All Things Aviation
Scale: 1/20 scale model
Wing Span: 17.75 inches
Length: 11.5 inches
The de Havilland DH.82 Tiger Moth is a 1930s British biplane designed by Geoffrey de Havilland and built by the de Havilland Aircraft Company. It was operated by the Royal Air Force (RAF) and many other operators as a primary trainer aircraft. In addition to the type's principal use for ab-initio training, the Second World War saw RAF Tiger Moths operating in other capacities, including maritime surveillance and defensive anti-invasion preparations; some aircraft were even outfitted to function as armed light bombers.

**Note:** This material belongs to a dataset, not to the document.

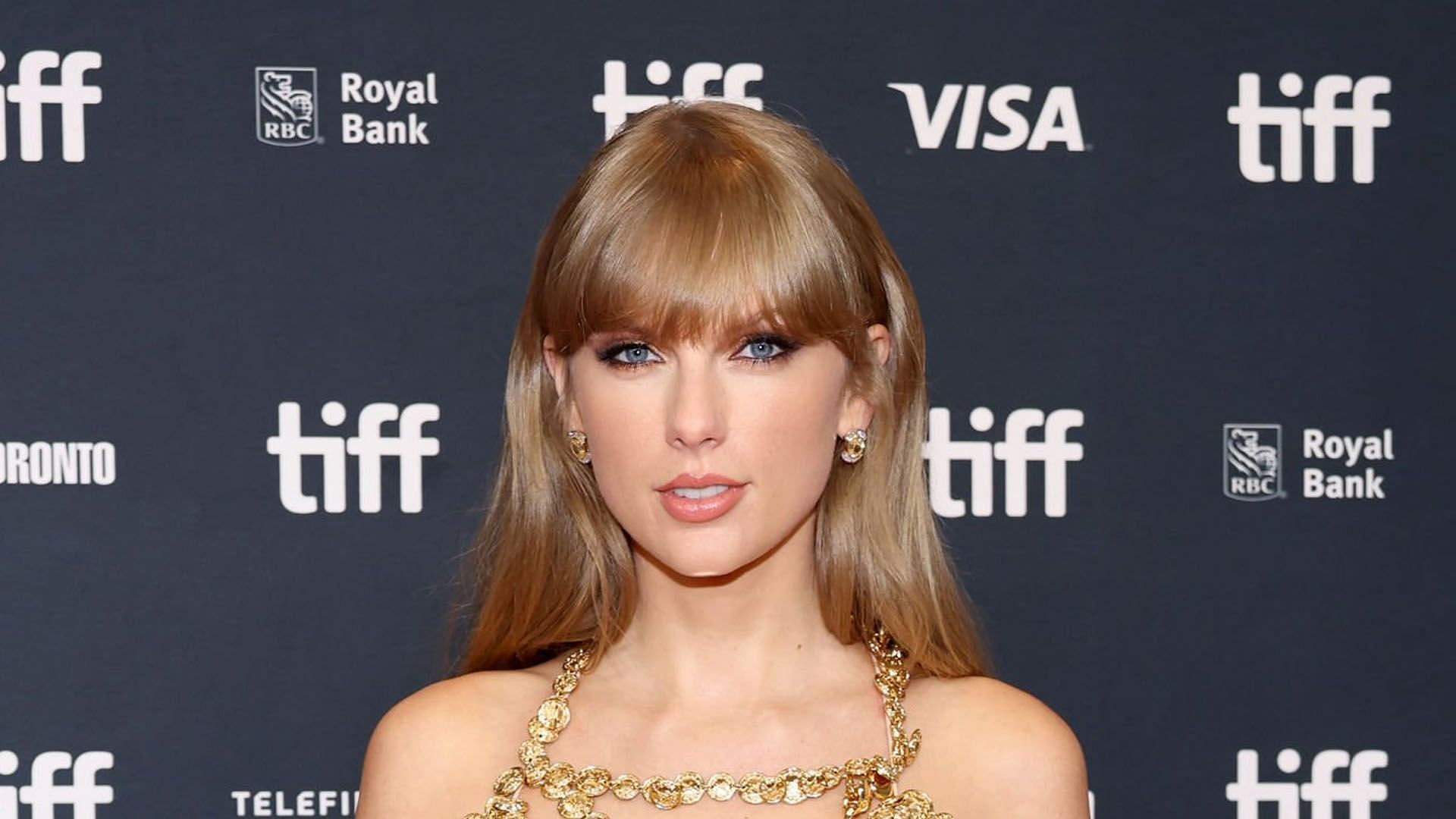 Taylor Swift responds to Ticketmaster fiasco (image via Getty Images)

The Tiger Moth remained in service with the RAF until it was succeeded and replaced by the de Havilland Chipmunk during the early 1950s. Many of the military surplus aircraft subsequently entered into civil operation. Many nations have used the Tiger Moth in both military and civil applications, and it remains in widespread use as a recreational aircraft in several countries. It is still occasionally used as a primary training aircraft, particularly for those pilots wanting to gain experience before moving on to other tailwheel aircraft.

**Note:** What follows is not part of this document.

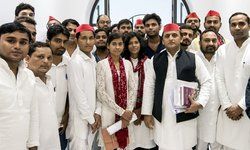 छात्रों का पुलिस उत्पीडऩ बर्दाश्त नहीं करेगी सपा : अखिलेश यादव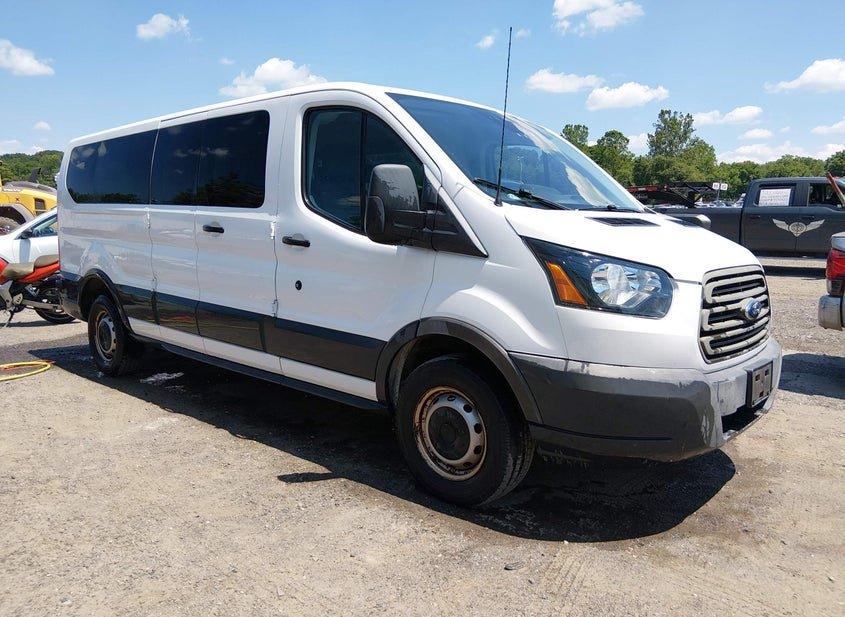 Ford Transit-350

Many Tiger Moths are now employed by various companies offering trial lesson experiences. The de Havilland Moth club, founded in 1975, is now an owners' association offering a mutual club and technical support.

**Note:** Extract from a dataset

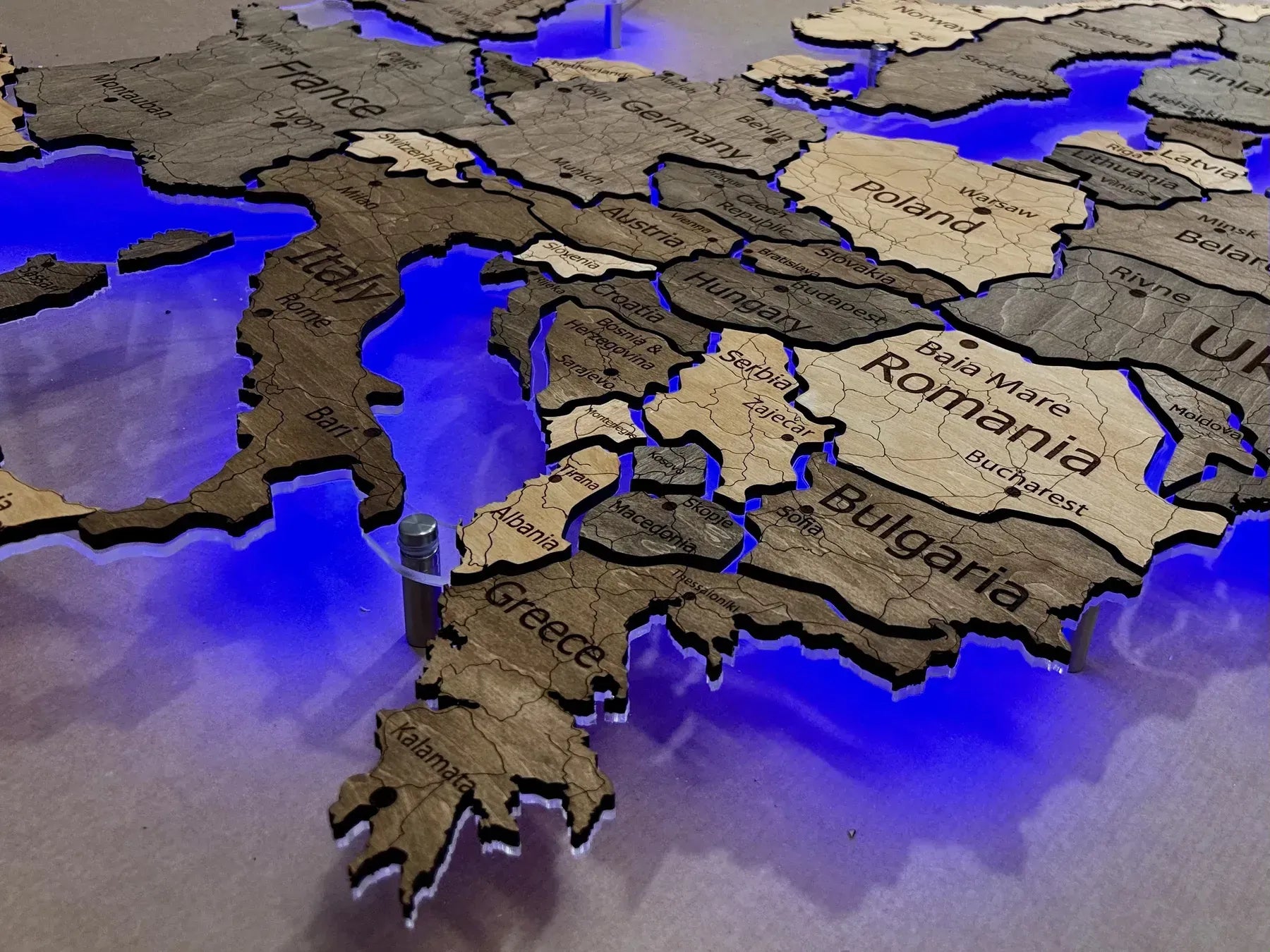 Карта Європи на акрилі з підсвіткою RGB між країнами колір Elis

Among the reasons for which de Havilland came to pursue development of the Tiger Moth was the personal dissatisfaction of Geoffrey de Havilland, the company's owner and founder, who sought to produce a light aircraft superior to two of his previous designs, the de Havilland Humming Bird and de Havilland DH.51.
From earlier experience, de Havilland knew the difficulty and importance of correctly sizing such an aircraft to appeal to various sectors of the civil market, such as touring, trainer, flying club and private aviation customers; the firm had previously attained a measure of popularity with a scaled-down version of the DH.51, designated the DH.60 de Havilland Gipsy Moth.
The starting point for the Tiger Moth was, in fact, the successful Gypsy Tiger. Successively more capable engines had been developed, and the company had produced a prototype to test the new de Havilland Gipsy III engine.
This prototype, a low-wing monoplane, was initially a modification of the standard Gypsy Tiger; it later became the first aircraft to be referred to as the Tiger Moth.
Improvements made on the Tiger Moth monoplane were first incorporated into a military trainer variant of the de Havilland DH.60 Moth, designated the DH.60T Moth – in later parlance the T came to stand for 'Tiger' in addition to 'Trainer'.
According to aviation author A.J. Jackson, development of the standard Tiger Moth version from the monoplane prototype had proceeded relatively straightforward after this point.